**What this task involves**
Show each line of the entries below in which the word "Spring" appears.

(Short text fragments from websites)
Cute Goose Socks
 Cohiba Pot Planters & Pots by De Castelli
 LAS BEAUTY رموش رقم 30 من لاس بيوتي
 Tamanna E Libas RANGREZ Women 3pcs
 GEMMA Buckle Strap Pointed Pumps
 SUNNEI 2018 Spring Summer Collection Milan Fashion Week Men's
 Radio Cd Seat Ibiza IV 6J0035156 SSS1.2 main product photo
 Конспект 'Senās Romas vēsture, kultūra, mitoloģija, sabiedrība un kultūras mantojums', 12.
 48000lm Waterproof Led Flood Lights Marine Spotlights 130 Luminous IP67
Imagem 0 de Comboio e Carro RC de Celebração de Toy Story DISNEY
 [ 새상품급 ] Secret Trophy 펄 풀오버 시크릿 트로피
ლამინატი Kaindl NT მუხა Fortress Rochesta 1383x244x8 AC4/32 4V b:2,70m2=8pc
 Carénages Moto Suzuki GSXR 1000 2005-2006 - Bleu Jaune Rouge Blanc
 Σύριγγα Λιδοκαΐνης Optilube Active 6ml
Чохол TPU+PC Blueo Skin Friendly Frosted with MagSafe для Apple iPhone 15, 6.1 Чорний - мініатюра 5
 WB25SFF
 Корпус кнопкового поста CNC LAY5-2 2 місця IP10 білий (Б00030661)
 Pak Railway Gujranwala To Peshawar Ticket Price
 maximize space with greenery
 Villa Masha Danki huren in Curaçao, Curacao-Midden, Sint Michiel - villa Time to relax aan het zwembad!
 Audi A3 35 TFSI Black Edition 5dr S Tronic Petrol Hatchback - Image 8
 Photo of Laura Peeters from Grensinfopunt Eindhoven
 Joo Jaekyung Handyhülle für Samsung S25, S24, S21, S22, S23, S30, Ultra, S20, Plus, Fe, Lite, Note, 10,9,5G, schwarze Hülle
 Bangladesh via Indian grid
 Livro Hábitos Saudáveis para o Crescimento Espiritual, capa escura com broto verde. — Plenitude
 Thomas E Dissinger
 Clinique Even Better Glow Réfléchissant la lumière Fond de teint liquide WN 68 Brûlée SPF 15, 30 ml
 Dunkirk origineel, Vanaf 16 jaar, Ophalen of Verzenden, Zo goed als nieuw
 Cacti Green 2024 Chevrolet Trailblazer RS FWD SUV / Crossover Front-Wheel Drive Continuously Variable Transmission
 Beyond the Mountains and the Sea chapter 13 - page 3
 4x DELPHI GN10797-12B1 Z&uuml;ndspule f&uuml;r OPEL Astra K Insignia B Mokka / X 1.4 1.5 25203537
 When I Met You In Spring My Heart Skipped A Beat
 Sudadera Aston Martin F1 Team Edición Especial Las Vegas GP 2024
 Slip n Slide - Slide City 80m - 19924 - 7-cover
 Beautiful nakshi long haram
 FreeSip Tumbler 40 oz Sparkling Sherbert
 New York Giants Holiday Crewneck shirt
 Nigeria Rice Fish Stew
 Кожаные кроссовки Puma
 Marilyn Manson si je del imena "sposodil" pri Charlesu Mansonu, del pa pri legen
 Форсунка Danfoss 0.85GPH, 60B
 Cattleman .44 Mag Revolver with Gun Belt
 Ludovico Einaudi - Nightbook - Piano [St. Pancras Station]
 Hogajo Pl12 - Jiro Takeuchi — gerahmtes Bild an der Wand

**Solution for this problem**
 SUNNEI 2018 Spring Summer Collection Milan Fashion Week Men's
 When I Met You In Spring My Heart Skipped A Beat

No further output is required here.